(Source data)
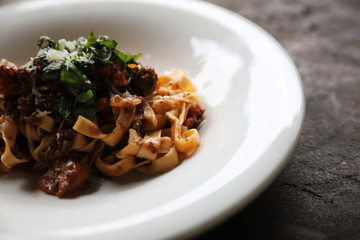 Pasta Fettuccine Bolognese with beef and tomato sauce on wood background in dark tone mystic light style
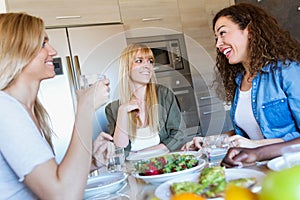 Group of friends laughing while eating healthy food at home.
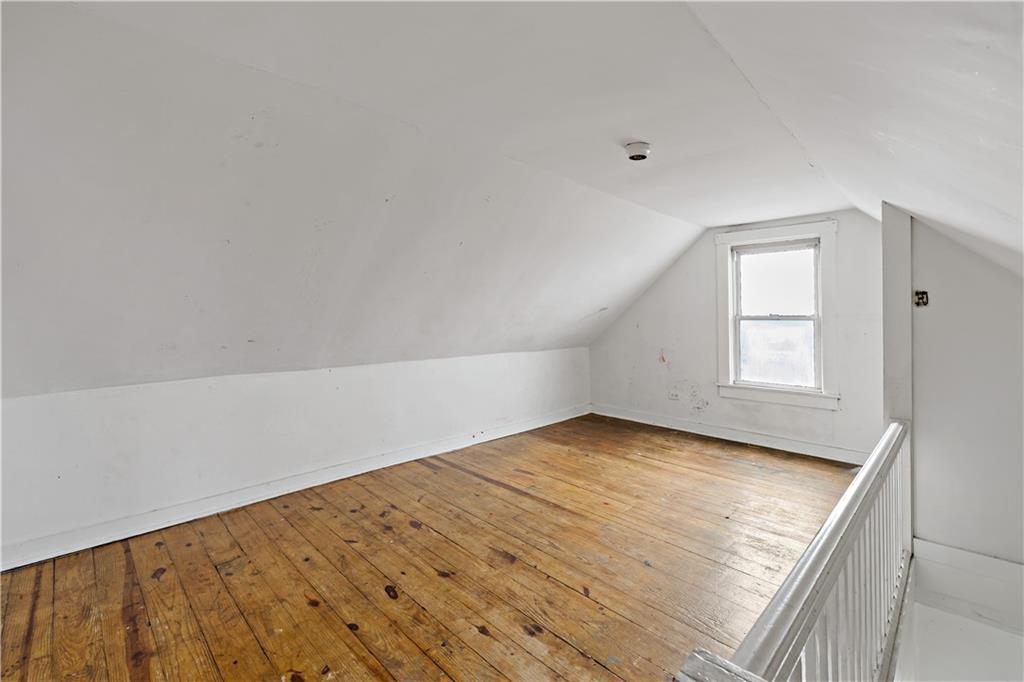 545 Stokes Avenue Braddock, PA 15104 - Photo 22 of 34 wooden floor in an empty room with a window
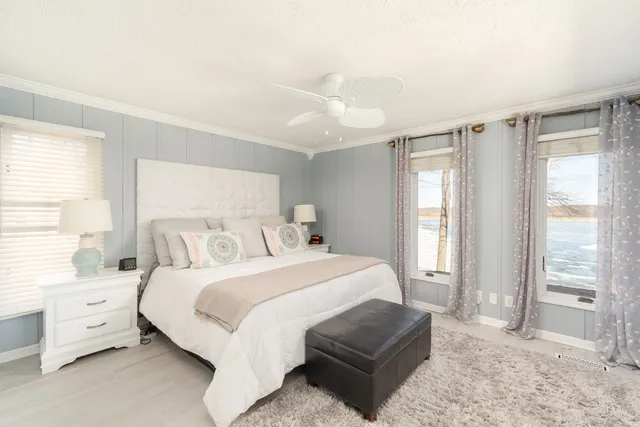 a bedroom with a bed and a large window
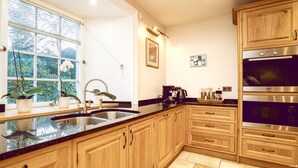 A modern kitchen with wooden cabinets, a stainless steel sink, and two built-in ovens. - A Georgian Masterpiece Steps from Stirling  (Stirling)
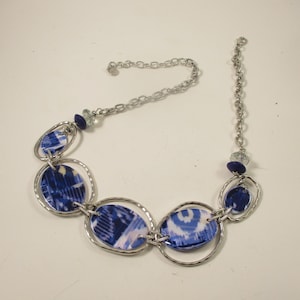 May include: A silver necklace with blue and white patterned oval and circular pendants. The pendants are linked by silver rings and chains. The necklace has a lobster clasp and is displayed on a white surface.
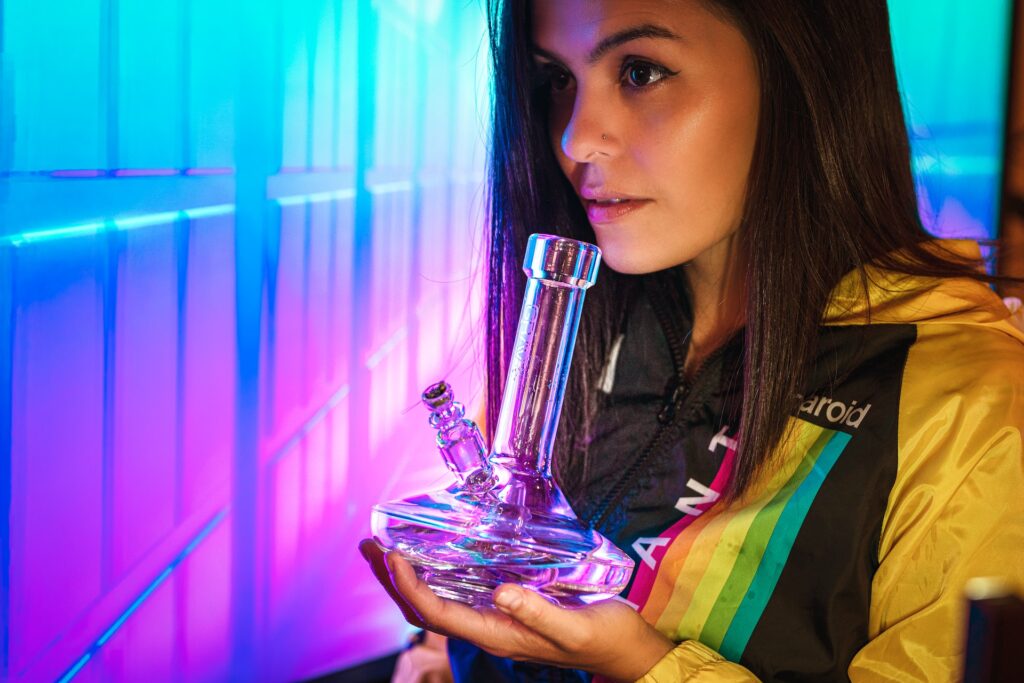 A woman holding a bong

**Exercise aim:**
Reproduce the data above word for word, but leave the images out.

**Solution below:**
 Pasta Fettuccine Bolognese with beef and tomato sauce on wood background in dark tone mystic light style
 Group of friends laughing while eating healthy food at home.
 545 Stokes Avenue Braddock, PA 15104 - Photo 22 of 34 wooden floor in an empty room with a window
 a bedroom with a bed and a large window
 A modern kitchen with wooden cabinets, a stainless steel sink, and two built-in ovens. - A Georgian Masterpiece Steps from Stirling  (Stirling)
 May include: A silver necklace with blue and white patterned oval and circular pendants. The pendants are linked by silver rings and chains. The necklace has a lobster clasp and is displayed on a white surface.
 A woman holding a bong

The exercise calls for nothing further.